PhDr. Ludvík Hlaváček (born 1940 in Prague) studied art history at the Faculty of Arts of Charles University in Prague. In the 1960s and 1970s, his studies focused on the phenomenological philosophy he had learned from Jan Patočka. When he signed Charter 77 in 1977, he had to leave the Institute of Theory and History of Art of the Czechoslovak Academy of Sciences and worked as a manual labourer until 1989. Between 1984 and 1989 he co-authored, along with a group of art historians, the samizdat journal "Někdo něco," which was devoted to contemporary art criticism. In the early 80s he was influenced by postmodernism and the work of Zdeněk Bonaventura Bouše. After 1989, he was editor of the magazine Výtvarné umění and again joined the Institute for Theory and History of Art of Czech Academy of Science. In 1992, he was commissioned to set up and run the Soros Center for Contemporary Art in Prague. Today, he is the director of the Foundation for Contemporary Art and teaches at the Faculty of Art and Design of Jan Evangelista Purkyně University in Ústí nad Labem.
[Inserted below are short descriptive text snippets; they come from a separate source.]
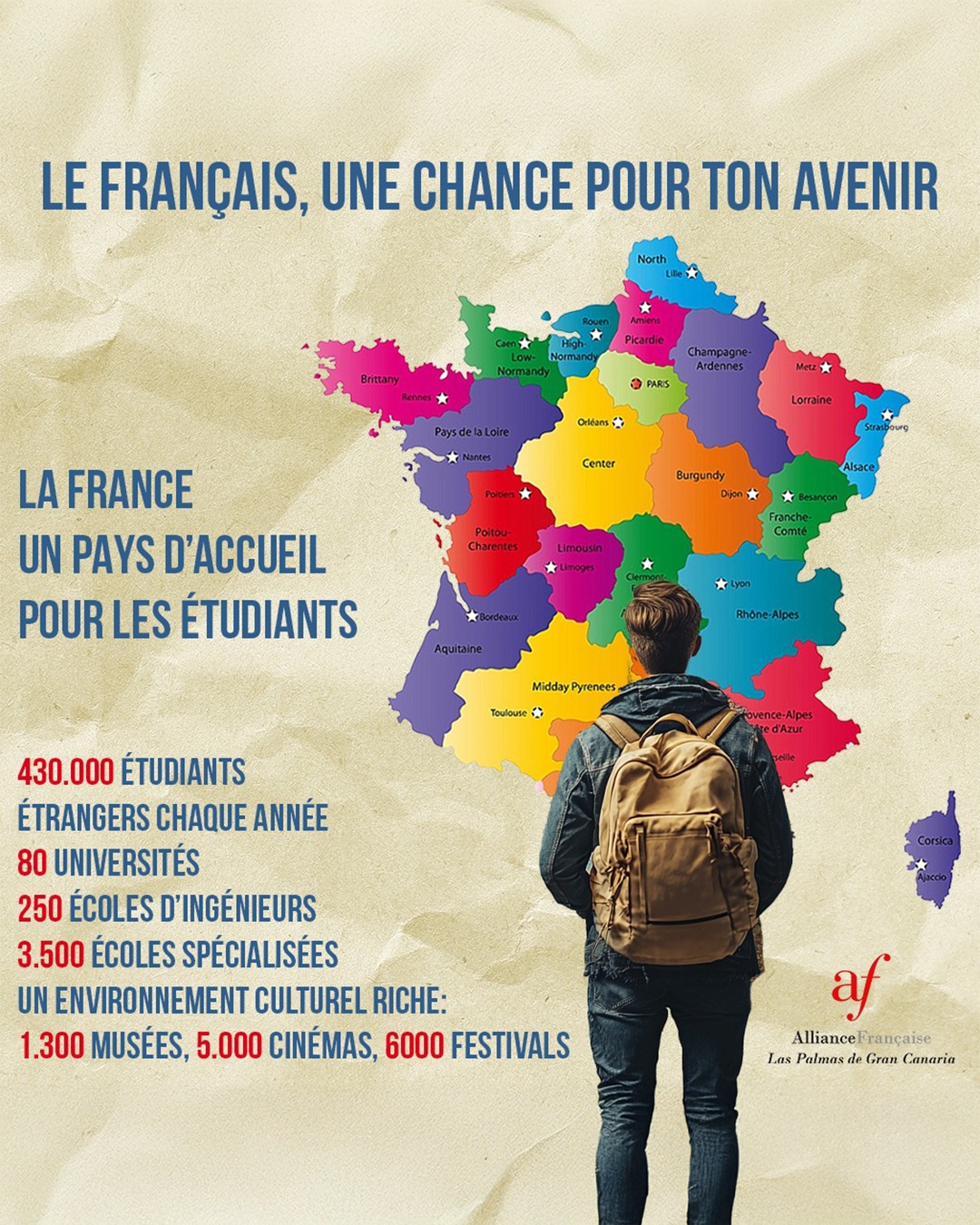 Le français, une chance pour ton avenir🇫✅

LA FRANCE UN PAYS D’ACCUEIL POUR LES ÉTUDIANTS

430.000 ÉTUDIANTS ÉTRANGERS CHAQUE ANNÉE
80 UNIVERSITÉS
250 ÉCOLES D’INGÉNIEURS
3.500 ÉCOLES SPÉCIALISÉES UN ENVIRONNEMENT CULTUREL RICHE:
1.300 MUSÉES, 5.000 CINÉMAS, 6000 FESTIVALS

#aprenderfrances #alianzafrancesalaspalmas #laspalmasdegrancanaria❤️ #culturefrançaise #francés #cultura #estudiarfrancés #dalf #delf #cursosdefrancés #idiomas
Soros Center for Contemporary Art Prague (SCCA Prague)
The Center for Contemporary Arts Prague (CCA Prague) - originally the Soros Center for Contemporary Art Prague (SCCA Prague) was founded in 1992. For ten years, CCA Prague was supported by the philanthropist George Soros (Open Society Institute New York) with an annual grant of USD 200,000 and through the financing of the participation of the Czech Republic at international exhibitions (Sao Paulo, Manifesta 1,2), creative residencies by Czech artists in global art centers, subscriptions to important specialist magazines, etc.
During these ten years, CCA Prague created a library comprising extensive documentation, organized five large exhibitions, three of which could be deemed trailblazing in their field (Orbis Fictus in 1996 was the first Czech exhibition devoted to new media, Artwork in Public Spaces 1997–98 gave a boost to the activities of public art, and Politiku-um / New Engagement in 2002 ushered in a tradition of exhibitions of political art). Since 1997, CCA Prague has organized a total of 160 exhibitions of young Czech artists, also in the gallery Regionální chodba and the Jelení Gallery.
The center was also active in the sphere of creative residencies for artists. In 1994, CCU Prague was the founding member of Res Artis, an international association of residential centers. At the same time it was the project administrator of ArtsLink, as part of which Czech artists and curators had the chance to travel to the USA on study trips. In 1997, CCU Prague opened three studios in a building in Jelení Street and from 1998 to 2002 rented the Čimelice Castle for this purpose. Up until now, CCA has arranged residencies for approximately two hundred foreign artists in the Czech Republic. Since 1995, thanks to the significant financial assistance of the American privately-run Trust for Mutual Understanding, CCA has sent dozens of Czech artists to important foreign art centers.